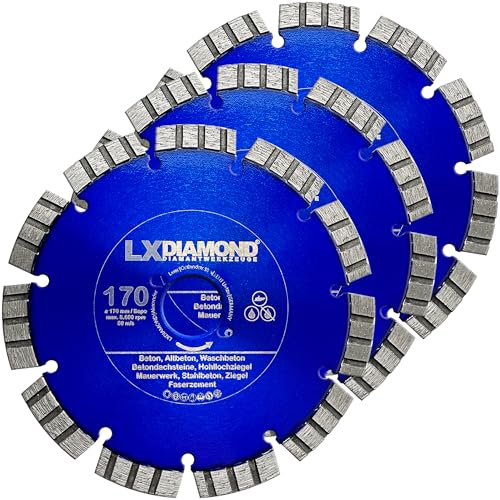 LXDIAMOND 3x Diamant-Trennscheibe 170mm - Sägeblatt für Beton Mauerwerk Stahlbeton - Trennscheibe passend für Bepo FFS 171 SE Montagefräse Fensterfugenschneider - Premium Diamantscheibe 170 mm LXDIAMOND 3x Diamant-Trennscheibe 170mm - Sägeblatt für Beton Mauerwerk Stahlbeton - Trennscheibe passend für Bepo FFS 171 SE Montagefräse Fensterfugenschneider - Premium Diamantscheibe 170 mm von LXDIAMOND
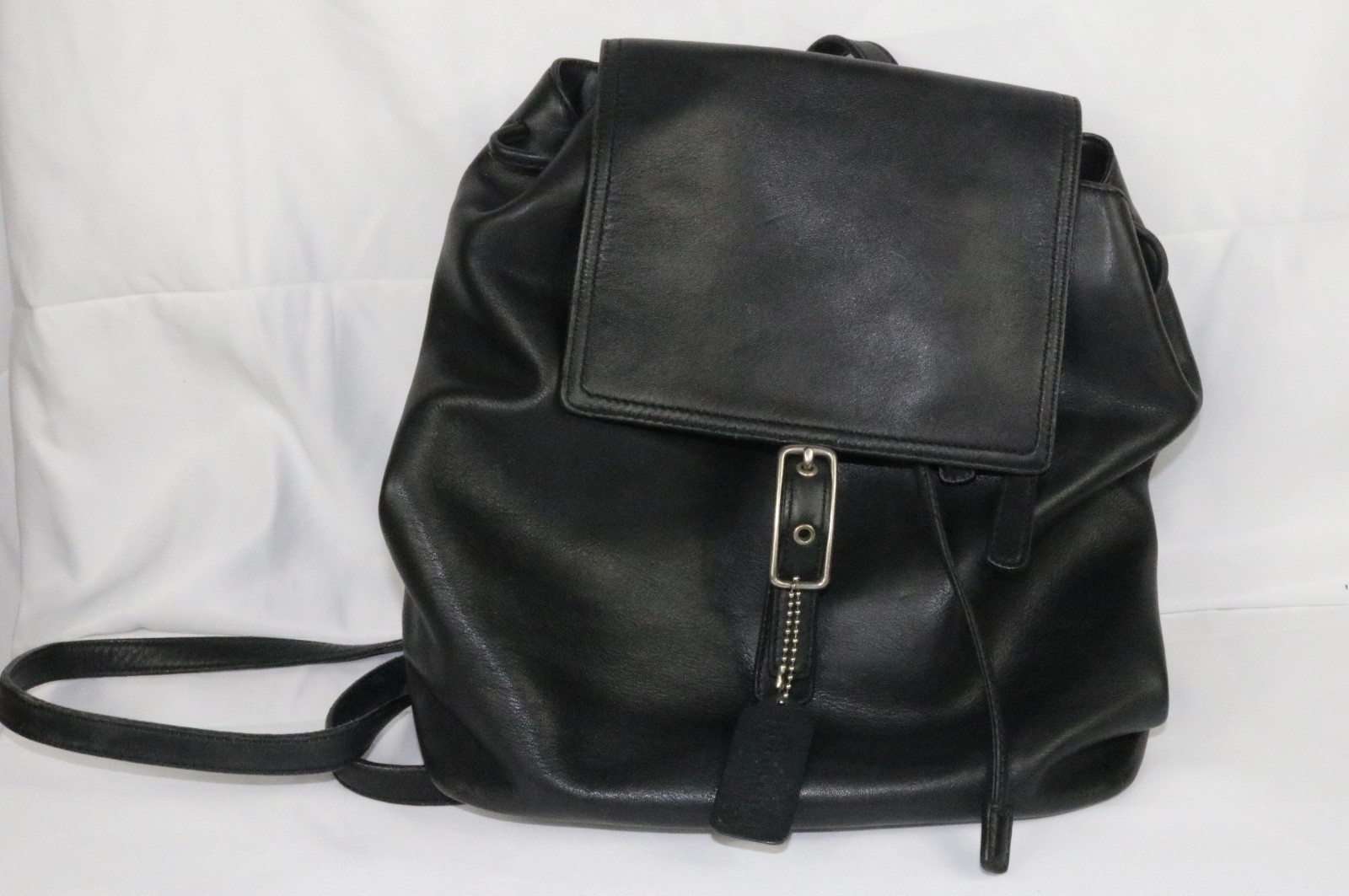 No C13-9827 Vintage Coach Black Leather Legacy West Hampton Daypack Bag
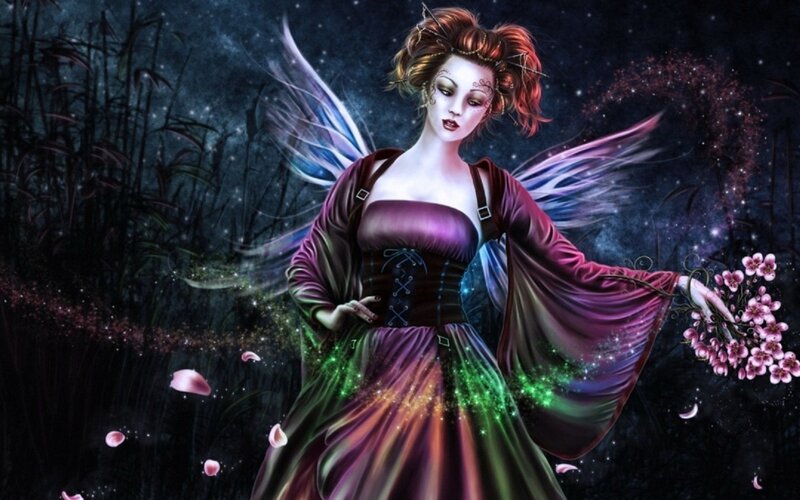Fairy with Pink Flowers — Purple, Mystical, Night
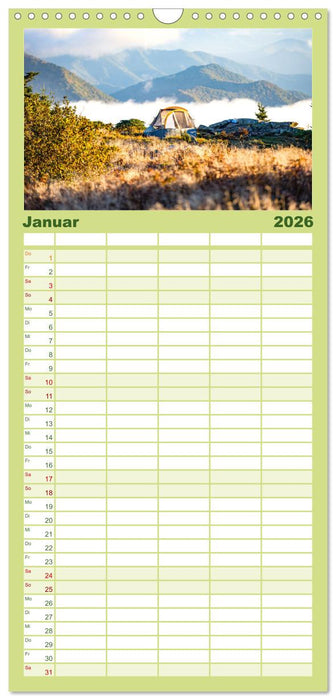 Camping - Raus in die Natur. (CALVENDO Familienplaner 2026)
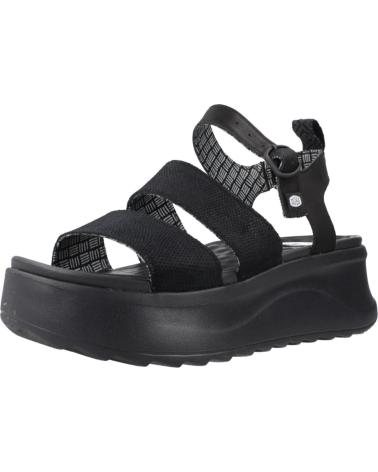 HEY DUDE DELRAY BUCKLE CLASSIC SANDALIAS PLATAFORMA MUJER NEGRAS BLACK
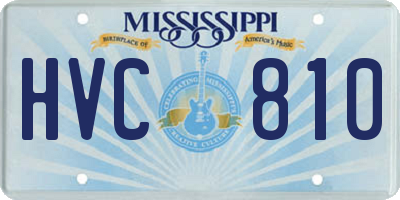 MS license plate HVC810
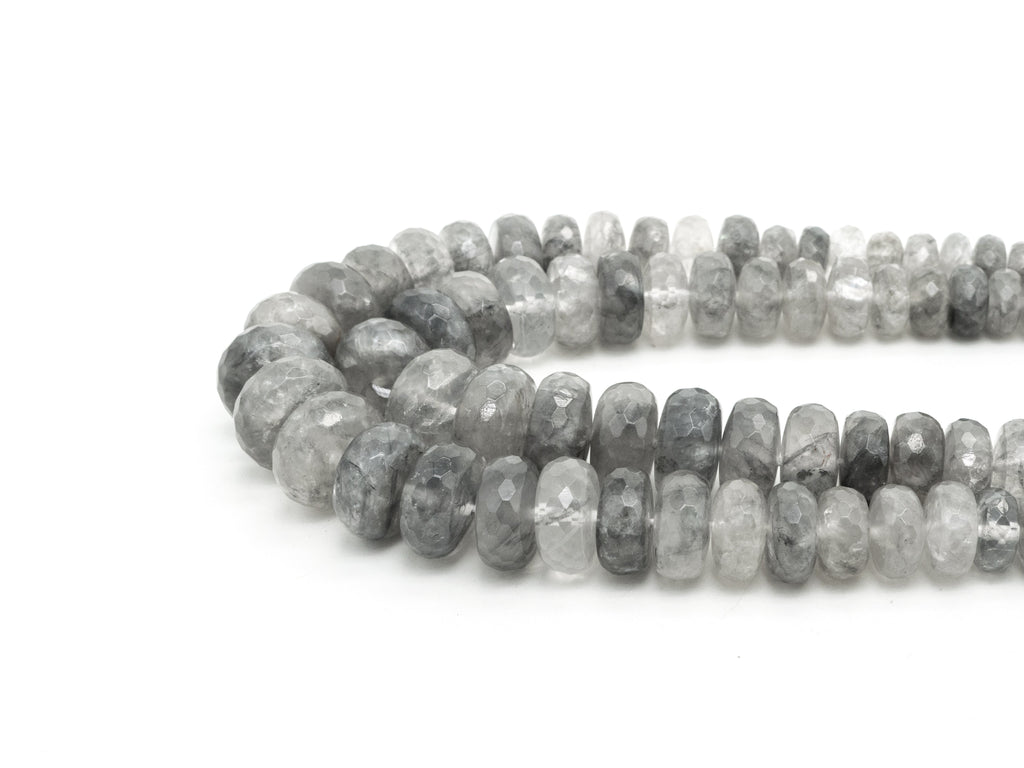 8-18mm Quality Natural Cloudy Quartz Graduated,Faceted/Smooth Rondelle Gemstone Beads,Gray Color Beads, 15.5inch strand, SKU#U206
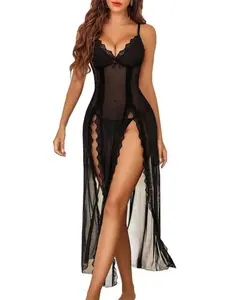 Women's Lace Lingerie Nightdress, Sexy Spaghetti Strap Sheer Mesh Sleepwear, V Neck Side Split Robe, Casual Daily Wear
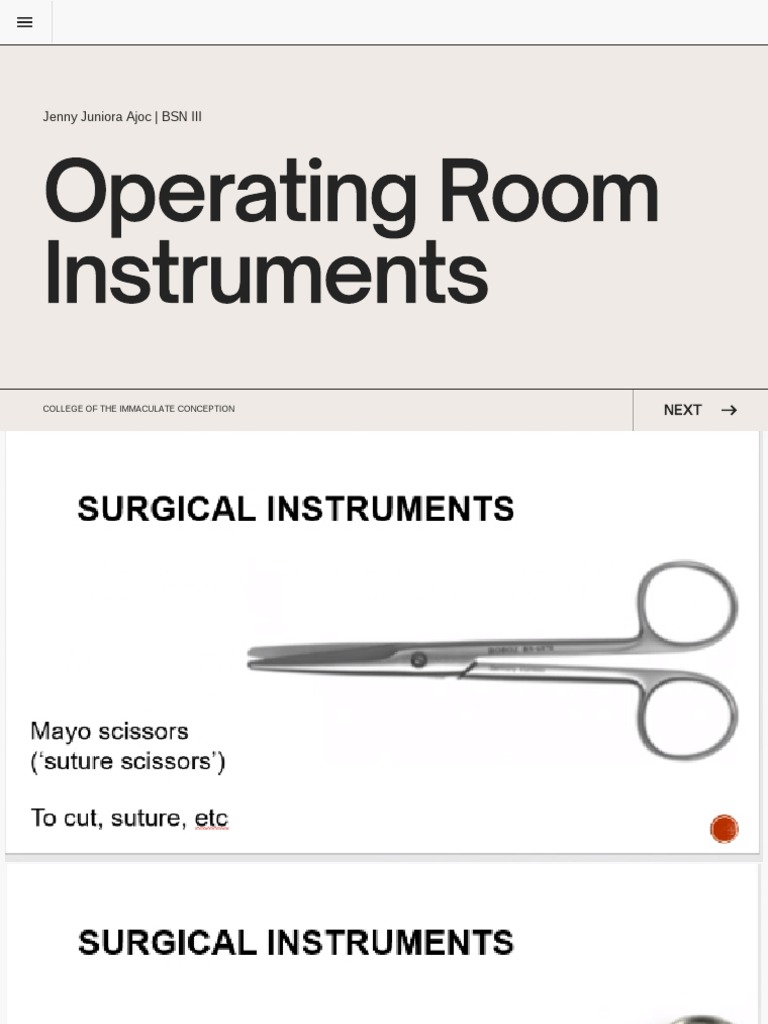 List of Surgical Instruments PDF
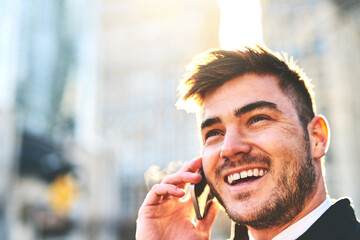 City, laugh and business man with phone call for chatting, communication and networking. Face,...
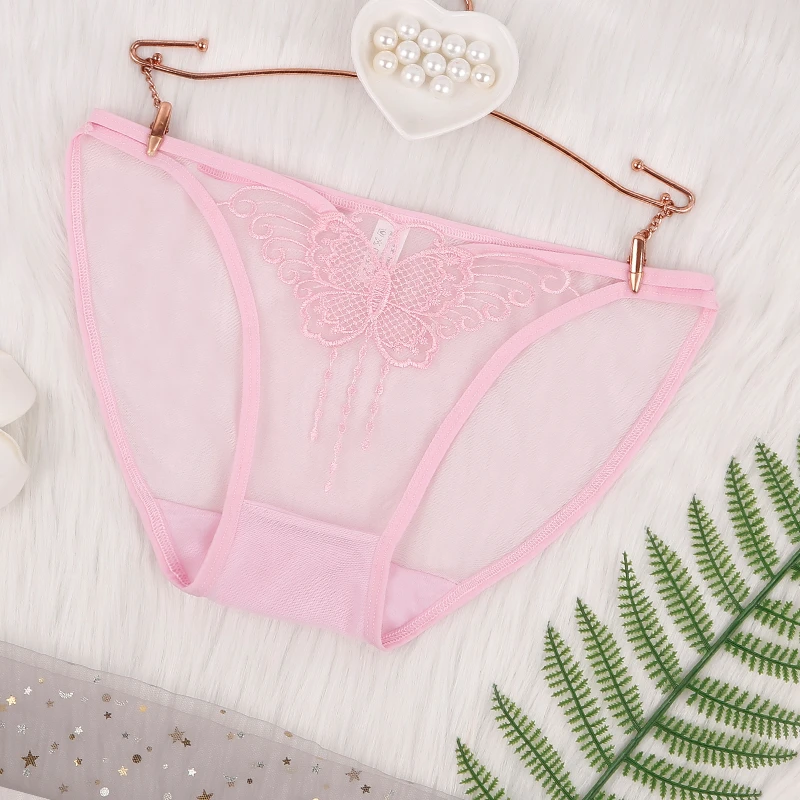 2024春夏爆款蝴蝶网纱高级感蕾丝内裤透气低腰三角短裤蝴蝶三角裤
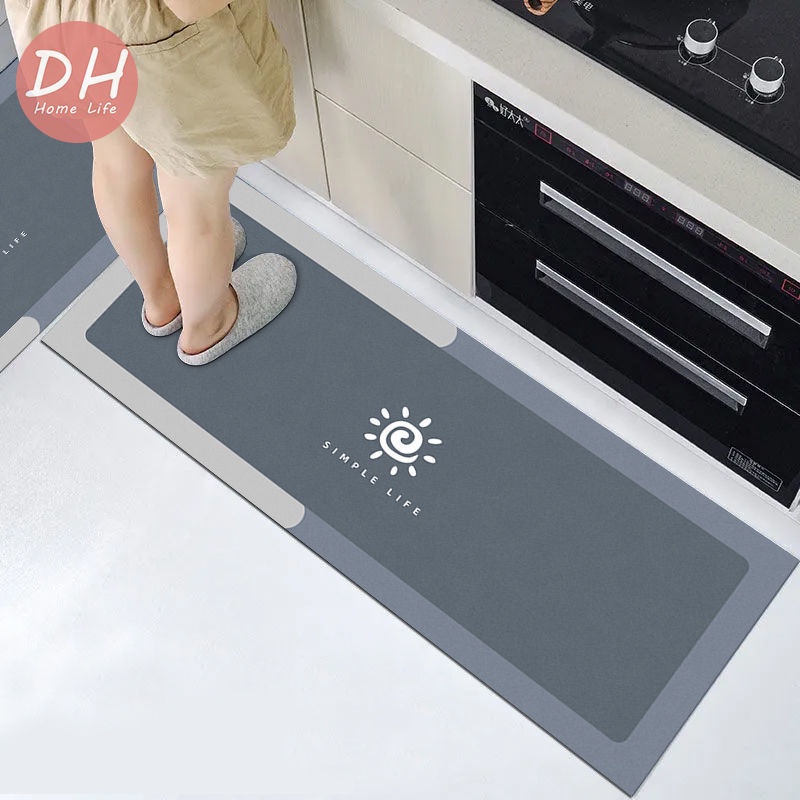 [DH Life] Simple Kitchen Long Rug Anti Slip Gray Diatomite Mat Highly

* * * * * * * * *

◆ Directions
When copying from the data above, begin at the line containing "MS license plate HVC810" and end at the line containing "List of Surgical Instruments PDF"; return those lines exactly and leave all pictures behind.

◆ Reply to the task
 MS license plate HVC810
 8-18mm Quality Natural Cloudy Quartz Graduated,Faceted/Smooth Rondelle Gemstone Beads,Gray Color Beads, 15.5inch strand, SKU#U206
 Women's Lace Lingerie Nightdress, Sexy Spaghetti Strap Sheer Mesh Sleepwear, V Neck Side Split Robe, Casual Daily Wear
 List of Surgical Instruments PDF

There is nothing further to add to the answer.